My request is for a method / command / to refresh and re-read collection files located in the /dopusdata/Collections dir without having to restart dopus.

Thank you.

Leo · May 15, 2020, 9:52pm

Duplicate collections are a bit more complicated than normal ones, and we don't currently have an official way to import them (nor export them beyond a simple list of files). (Other than what you're already doing, which is effectively copying the raw config files and restarting.)

I don't think it would be a good idea to have external code generate the raw XML, since the details of that could change on our side in the future. But maybe a way to import duplicate collections could be added. It needs some thought to work out how the input and output data would look and which fields would need to be included.

Jon · May 16, 2020, 10:04pm

In the next update we'll add a proper way to import a "duplicates-style" collection using dopusrt /col.

apocalypse · May 16, 2020, 10:06pm

Thanks a lot - both of you. Looking forward to it

apocalypse · May 24, 2020, 2:53pm

I've tested the duplicate collection import in the new system and I like it so far.
I'll post the file-and-archive duplicate scanner that utilizes it on github once I clean up the code.

However, a few new issues in dopus arose while using the new functionality.
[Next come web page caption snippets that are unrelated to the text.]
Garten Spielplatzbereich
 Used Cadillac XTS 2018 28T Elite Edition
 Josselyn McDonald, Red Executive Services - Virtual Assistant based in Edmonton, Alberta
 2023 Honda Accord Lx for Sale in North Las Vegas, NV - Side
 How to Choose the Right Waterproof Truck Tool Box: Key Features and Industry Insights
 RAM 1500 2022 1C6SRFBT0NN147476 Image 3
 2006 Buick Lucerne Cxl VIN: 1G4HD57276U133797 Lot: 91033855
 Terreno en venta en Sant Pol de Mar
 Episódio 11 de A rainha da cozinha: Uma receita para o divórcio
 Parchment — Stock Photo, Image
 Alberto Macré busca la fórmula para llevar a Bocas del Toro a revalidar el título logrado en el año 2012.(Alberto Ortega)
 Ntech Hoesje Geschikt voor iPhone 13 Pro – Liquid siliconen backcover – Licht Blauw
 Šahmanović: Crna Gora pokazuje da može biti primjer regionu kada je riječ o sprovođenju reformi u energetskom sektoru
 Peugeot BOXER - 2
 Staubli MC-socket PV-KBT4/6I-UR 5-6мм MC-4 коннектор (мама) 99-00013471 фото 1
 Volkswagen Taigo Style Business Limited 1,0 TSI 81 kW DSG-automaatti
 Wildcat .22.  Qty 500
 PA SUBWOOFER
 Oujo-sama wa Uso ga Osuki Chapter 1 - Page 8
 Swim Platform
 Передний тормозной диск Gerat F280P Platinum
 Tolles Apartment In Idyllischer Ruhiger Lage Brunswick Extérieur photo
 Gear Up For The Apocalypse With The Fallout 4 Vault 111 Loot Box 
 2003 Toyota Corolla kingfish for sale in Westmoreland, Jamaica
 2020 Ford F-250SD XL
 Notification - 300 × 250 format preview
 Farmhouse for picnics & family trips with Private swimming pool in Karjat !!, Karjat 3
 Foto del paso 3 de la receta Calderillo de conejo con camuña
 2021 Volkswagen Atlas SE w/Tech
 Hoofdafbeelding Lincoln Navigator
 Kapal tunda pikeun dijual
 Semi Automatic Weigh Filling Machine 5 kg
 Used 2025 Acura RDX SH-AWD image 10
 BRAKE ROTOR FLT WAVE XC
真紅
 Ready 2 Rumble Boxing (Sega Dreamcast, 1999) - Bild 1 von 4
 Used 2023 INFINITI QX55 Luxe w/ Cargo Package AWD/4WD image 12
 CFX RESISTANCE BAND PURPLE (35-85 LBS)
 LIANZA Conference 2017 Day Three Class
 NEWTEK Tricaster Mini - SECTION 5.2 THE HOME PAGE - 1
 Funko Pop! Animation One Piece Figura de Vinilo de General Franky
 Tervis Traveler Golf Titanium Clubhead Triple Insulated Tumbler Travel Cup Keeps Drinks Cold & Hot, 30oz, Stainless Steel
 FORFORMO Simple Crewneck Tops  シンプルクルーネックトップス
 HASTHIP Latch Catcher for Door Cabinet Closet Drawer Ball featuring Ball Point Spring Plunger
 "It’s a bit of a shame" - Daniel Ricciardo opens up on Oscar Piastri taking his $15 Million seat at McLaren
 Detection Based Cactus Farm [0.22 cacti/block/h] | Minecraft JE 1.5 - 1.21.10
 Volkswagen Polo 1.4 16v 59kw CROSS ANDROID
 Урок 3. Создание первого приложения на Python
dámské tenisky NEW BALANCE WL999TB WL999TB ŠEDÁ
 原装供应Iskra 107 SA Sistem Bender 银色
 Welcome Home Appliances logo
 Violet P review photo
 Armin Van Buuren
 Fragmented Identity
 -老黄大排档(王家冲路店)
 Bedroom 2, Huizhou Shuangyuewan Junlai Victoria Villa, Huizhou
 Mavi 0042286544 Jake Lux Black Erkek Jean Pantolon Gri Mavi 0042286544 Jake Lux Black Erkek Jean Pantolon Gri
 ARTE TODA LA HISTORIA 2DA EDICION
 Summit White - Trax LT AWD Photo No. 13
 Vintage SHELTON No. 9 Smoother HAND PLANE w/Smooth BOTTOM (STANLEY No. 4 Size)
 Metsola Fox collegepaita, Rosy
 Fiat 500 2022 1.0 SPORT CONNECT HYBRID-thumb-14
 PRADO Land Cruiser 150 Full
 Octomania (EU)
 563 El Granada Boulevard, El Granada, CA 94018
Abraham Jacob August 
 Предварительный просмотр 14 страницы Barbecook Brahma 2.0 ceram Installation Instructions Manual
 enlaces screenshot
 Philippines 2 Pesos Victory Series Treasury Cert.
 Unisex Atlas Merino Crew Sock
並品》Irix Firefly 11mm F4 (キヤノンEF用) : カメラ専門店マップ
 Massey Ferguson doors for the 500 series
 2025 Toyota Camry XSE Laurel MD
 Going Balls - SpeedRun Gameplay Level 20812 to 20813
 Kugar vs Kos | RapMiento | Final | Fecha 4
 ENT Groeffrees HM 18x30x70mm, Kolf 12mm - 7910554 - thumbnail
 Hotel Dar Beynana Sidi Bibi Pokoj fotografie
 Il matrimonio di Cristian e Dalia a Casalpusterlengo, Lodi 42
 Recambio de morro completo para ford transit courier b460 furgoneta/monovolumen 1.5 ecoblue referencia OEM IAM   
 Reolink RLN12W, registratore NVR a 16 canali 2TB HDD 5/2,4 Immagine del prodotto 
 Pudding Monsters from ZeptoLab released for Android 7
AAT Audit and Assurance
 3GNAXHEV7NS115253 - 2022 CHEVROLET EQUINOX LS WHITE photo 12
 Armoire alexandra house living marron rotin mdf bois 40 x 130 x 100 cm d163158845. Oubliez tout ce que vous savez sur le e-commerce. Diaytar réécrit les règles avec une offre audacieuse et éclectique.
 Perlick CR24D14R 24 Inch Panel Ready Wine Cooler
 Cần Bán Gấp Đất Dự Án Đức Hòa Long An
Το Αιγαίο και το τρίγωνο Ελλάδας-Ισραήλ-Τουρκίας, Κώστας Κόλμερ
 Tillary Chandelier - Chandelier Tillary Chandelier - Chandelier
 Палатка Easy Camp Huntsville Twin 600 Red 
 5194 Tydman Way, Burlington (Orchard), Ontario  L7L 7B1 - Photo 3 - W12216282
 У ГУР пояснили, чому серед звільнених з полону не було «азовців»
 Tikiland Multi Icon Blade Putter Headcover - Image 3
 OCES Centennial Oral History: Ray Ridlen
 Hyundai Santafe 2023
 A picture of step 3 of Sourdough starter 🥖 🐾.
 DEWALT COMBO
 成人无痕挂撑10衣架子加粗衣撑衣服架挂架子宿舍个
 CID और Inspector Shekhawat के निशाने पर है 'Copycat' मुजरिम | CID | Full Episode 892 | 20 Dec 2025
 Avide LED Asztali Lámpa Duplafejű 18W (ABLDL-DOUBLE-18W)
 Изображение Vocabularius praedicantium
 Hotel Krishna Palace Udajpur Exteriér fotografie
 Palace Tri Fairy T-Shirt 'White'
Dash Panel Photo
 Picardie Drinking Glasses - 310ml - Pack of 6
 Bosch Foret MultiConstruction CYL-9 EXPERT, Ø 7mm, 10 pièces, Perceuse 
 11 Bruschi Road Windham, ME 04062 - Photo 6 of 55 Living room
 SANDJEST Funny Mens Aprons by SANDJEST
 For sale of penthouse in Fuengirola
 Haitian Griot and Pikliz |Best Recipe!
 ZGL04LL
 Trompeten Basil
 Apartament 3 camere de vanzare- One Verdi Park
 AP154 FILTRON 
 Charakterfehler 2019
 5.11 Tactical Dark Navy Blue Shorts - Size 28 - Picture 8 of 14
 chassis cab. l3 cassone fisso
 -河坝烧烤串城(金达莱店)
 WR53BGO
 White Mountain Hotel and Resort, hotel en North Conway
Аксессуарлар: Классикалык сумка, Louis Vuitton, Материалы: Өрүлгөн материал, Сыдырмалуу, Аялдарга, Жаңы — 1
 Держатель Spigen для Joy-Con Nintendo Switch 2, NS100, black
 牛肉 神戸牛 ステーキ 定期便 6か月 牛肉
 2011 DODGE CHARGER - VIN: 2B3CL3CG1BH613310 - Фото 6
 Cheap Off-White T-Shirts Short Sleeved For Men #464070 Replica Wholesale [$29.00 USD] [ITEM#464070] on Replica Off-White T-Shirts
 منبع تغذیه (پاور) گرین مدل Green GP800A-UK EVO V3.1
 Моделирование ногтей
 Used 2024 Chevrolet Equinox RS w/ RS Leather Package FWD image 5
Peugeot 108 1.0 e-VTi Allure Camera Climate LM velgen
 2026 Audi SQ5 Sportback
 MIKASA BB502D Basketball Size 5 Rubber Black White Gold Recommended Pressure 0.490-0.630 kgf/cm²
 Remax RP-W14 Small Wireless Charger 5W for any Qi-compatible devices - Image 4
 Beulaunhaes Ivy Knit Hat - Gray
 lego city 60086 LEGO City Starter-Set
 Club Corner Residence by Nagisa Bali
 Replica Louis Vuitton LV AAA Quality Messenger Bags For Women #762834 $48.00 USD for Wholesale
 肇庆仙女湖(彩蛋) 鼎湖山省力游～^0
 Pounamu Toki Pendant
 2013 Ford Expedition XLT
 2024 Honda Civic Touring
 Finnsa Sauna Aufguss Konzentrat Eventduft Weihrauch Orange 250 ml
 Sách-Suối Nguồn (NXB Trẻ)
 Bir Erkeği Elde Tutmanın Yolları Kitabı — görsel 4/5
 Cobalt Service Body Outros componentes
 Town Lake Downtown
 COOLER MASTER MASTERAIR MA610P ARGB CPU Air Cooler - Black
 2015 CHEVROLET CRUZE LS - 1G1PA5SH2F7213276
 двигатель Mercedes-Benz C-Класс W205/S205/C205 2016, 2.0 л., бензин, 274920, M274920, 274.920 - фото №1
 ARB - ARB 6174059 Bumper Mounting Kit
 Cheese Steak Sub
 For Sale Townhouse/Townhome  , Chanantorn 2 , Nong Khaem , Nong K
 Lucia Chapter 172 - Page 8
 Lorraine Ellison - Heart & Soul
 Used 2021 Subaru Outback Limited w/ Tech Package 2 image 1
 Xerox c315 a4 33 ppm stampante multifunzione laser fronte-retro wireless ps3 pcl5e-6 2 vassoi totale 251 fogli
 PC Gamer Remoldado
We lack a preset folder format for Duplicate Collections and thus we have to either apply a preset to a static duplicate collection name or apply one every time we generate or navigate to a new one.
When used to diff archives and you attempt a Delete operation on many files in the same archive from within the duplicate collection as opposed to from within the archive - the delete operation is not executed once for all the files within the said archive as it is when browsing the archive itself (delete from within an archive generates a list and runs winrar only once), but are handled sequentially with each file being a standalone delete > recreate archive which takes insanely more time, CPU cycles and disk writes depending on the size, compression of the archive and the number of files being deleted.